Last week was busy. We had a five occupant DUI TC that was pretty gnarly. One of our guys saw the vehicle fly by seconds prior to slamming into a concrete structure and was first on scene to multiple occupants smashed into the car. I can still hear his WTF voice on the radio as he is humanly processing everything and coordinating the medical, fire and police response. “Adrian — you did an amazing job.”
https://www.noozhawk.com/article/major_injuries_reported_in_collision_on_milpas_street_in_santa_barbara
Yup — I’m the old guy pointing at the ground in the second photo.….
Last week — I also walked into my favorite hippy store to get my mid-shift kombucha (in full uniform). Admittedly, an unrelated call for service prior to my arrival, left me a bit more cynical than when I started my shift, but I was excited and appreciative of the freedom and my resources to enjoy my over priced drink and dark chocolate snack.

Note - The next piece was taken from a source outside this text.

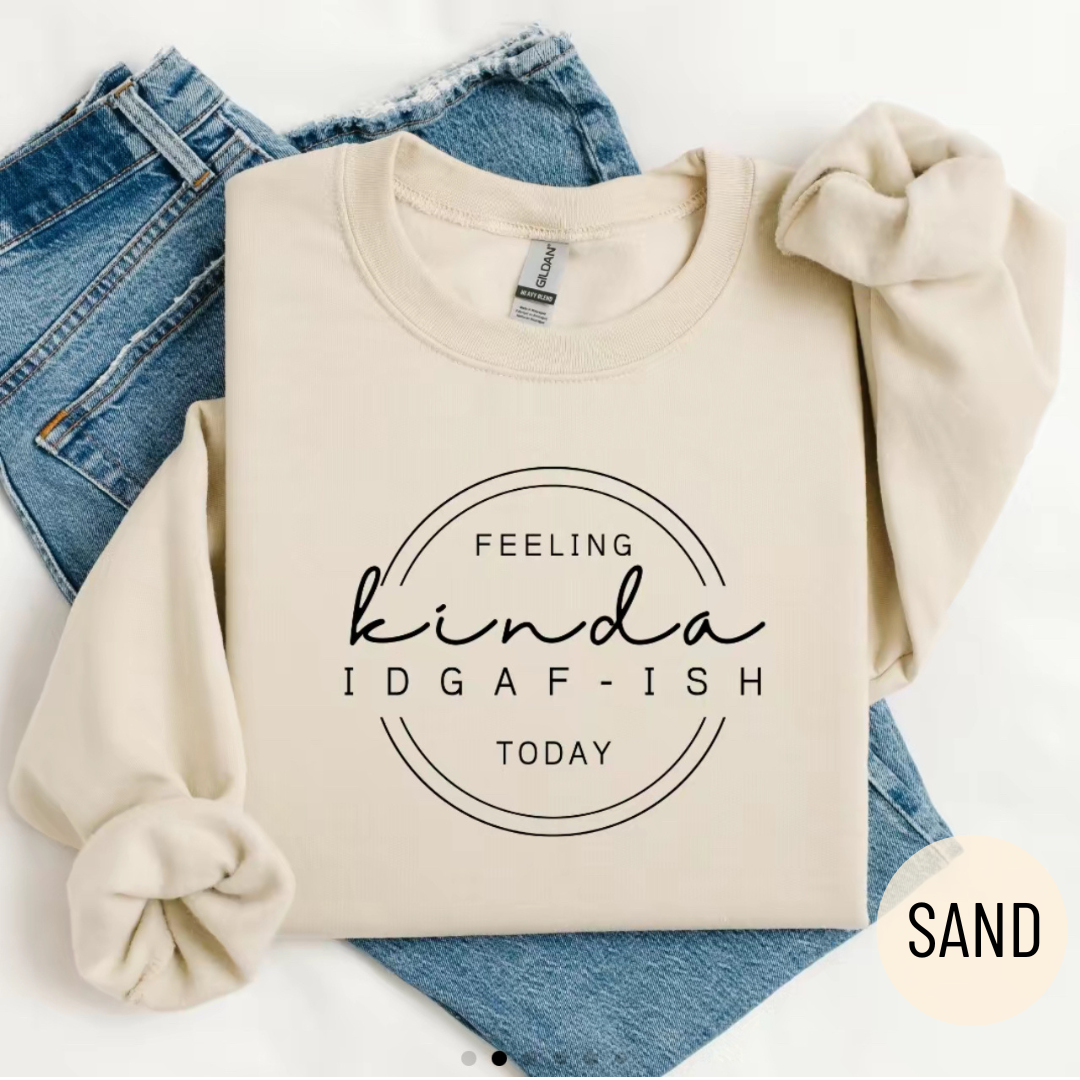  Feeling Kinda Idgaf-Ish Today Crewneck Sweatshirt(BUY 2 FREE SHIPPING)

Within a minute of my entry, an approximately mid-60’s man briskly approached me in a head-on trajectory. I noticed his hands were near his waste (the hands are what kill you…), palms towards me as he excitedly advised, “I spilled my soup!” There were probably ten people within ear-shot and keep in mind, not everyone purchasing cruelty free / fair trade organic food is a big fan of “the man.”
I looked behind him and saw a deli soup container tipped over with soup spilled out on the counter. I stopped; my drink in my left hand (non-gun hand Craig, non-gun hand) and asked, “Would you like me to arrest you?” Perhaps I should have ordered him to the ground at gun-point? I remember thinking, what am I missing here? We stood there staring at each other for a a few seconds. I followed up with, “I’m pretty sure this is still not illegal in California sir and there are some wonderful people here that can help clean that up.”
He didn’t say anything, turned around and walked to the deli counter. I heard him say something in essence of, “I just told that cop I dropped my soup.” I was still standing there and started laughing, initially under my breath and then out loud. I walked up behind the man and told him “Thank you for that sir, that was exactly what I needed tonight.” I went to pay for my stuff and returned to the mean streets.
S**t — I just spilled my cereal as a moved my laptop. I actually did.
Where is a cop when you need one?
Get on the ground.…
I honestly don’t know how you guys do the day-to-day. Hat tip and thanks for being here.